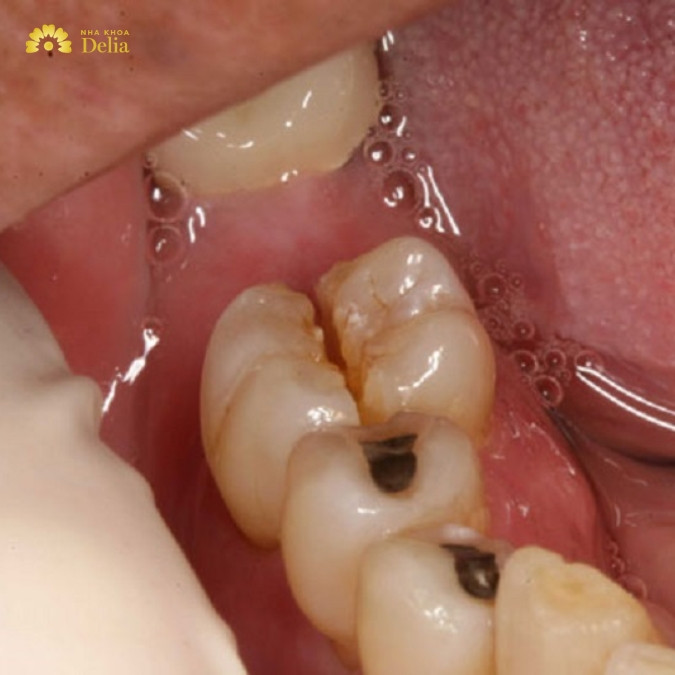 Răng hàm bị mất nguyên nhân do đâu? 
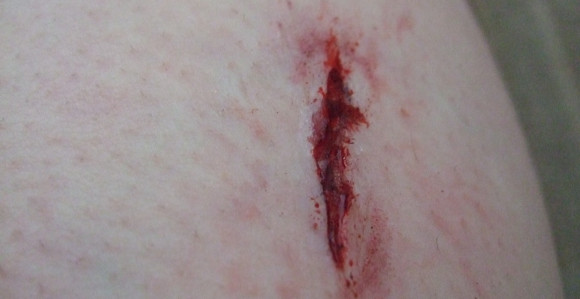 Nožem ubio suprugu, pa ranio sebe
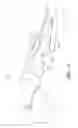 Fig. 05 - ORTHOTIC DEVICES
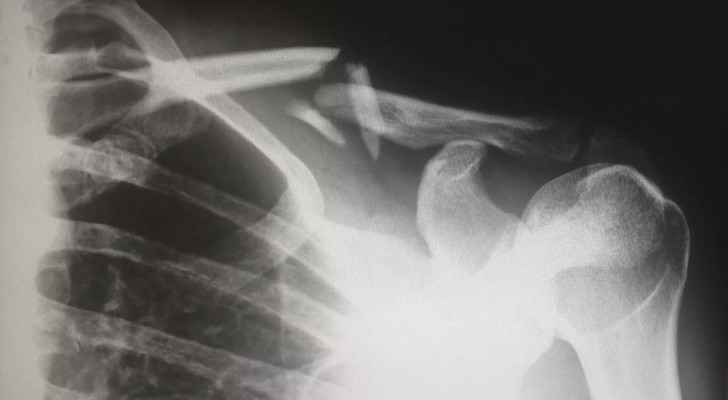 أبحاث تثبت: كثرة الكآبة تنخر العظام وتزيد هشاشتها!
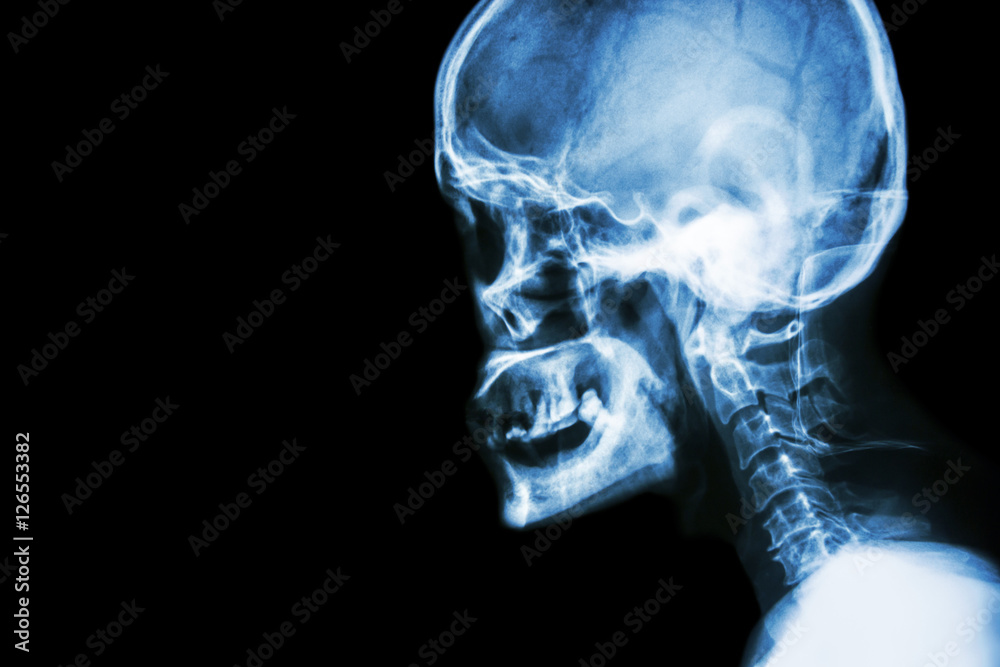 Film x-ray Skull lateral view show normal human's skull and cervical spine and blank area at left side Film x-ray Skull lateral view show normal human's skull and cervical spine and blank area at left side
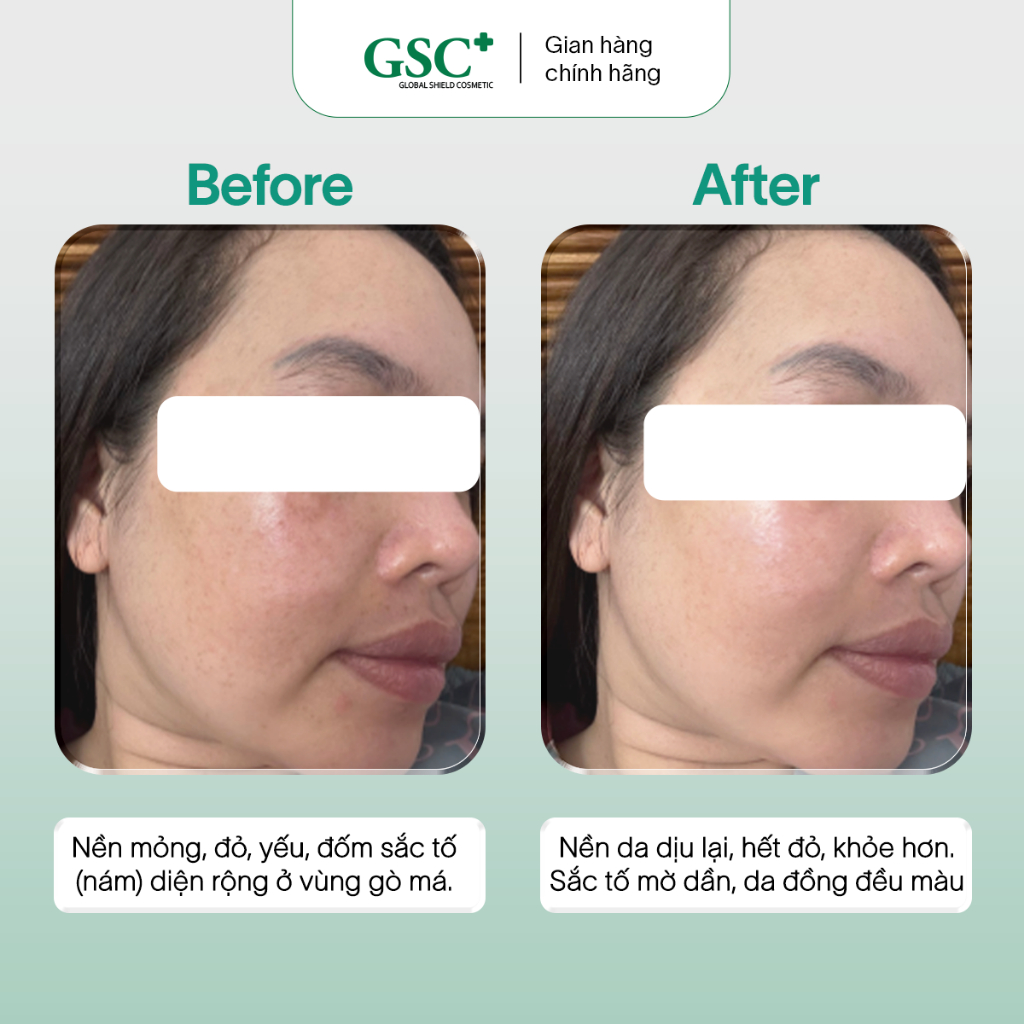 Kem Nám Tàn Nhang Hàn Quốc GSC Alpha Arbutin Ultra Cream 15g – Kem Hỗ Trợ Làm Mờ Và Ngăn Ngừa Thâm Nám - GC090A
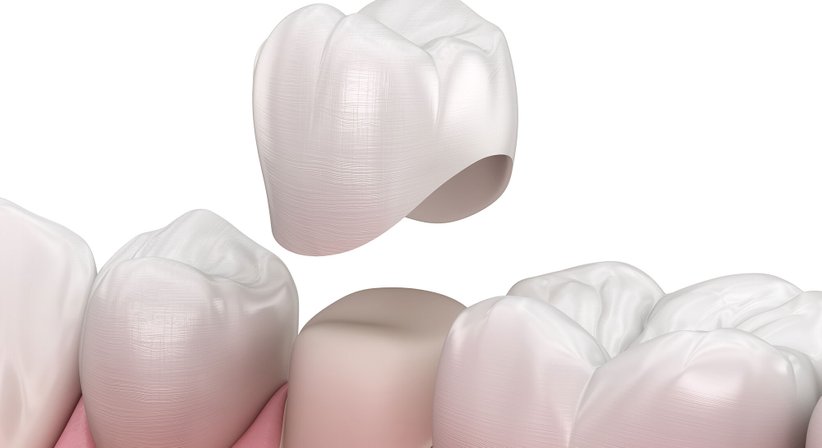 Zahnkronen, Zahnfüllungen und Wurzelbehandlungen - Spezialambulanz Parodontologie - Standort Simmering -  Wien 1110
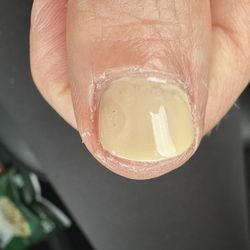 2nd thumb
# # #
WHAT THE TASK ASKS
Every entry belongs in the answer exactly as written, but no picture does.

ANSWER SECTION
 Răng hàm bị mất nguyên nhân do đâu? 
 Nožem ubio suprugu, pa ranio sebe
 Fig. 05 - ORTHOTIC DEVICES
 أبحاث تثبت: كثرة الكآبة تنخر العظام وتزيد هشاشتها!
 Film x-ray Skull lateral view show normal human's skull and cervical spine and blank area at left side Film x-ray Skull lateral view show normal human's skull and cervical spine and blank area at left side
 Kem Nám Tàn Nhang Hàn Quốc GSC Alpha Arbutin Ultra Cream 15g – Kem Hỗ Trợ Làm Mờ Và Ngăn Ngừa Thâm Nám - GC090A
 Zahnkronen, Zahnfüllungen und Wurzelbehandlungen - Spezialambulanz Parodontologie - Standort Simmering -  Wien 1110
 2nd thumb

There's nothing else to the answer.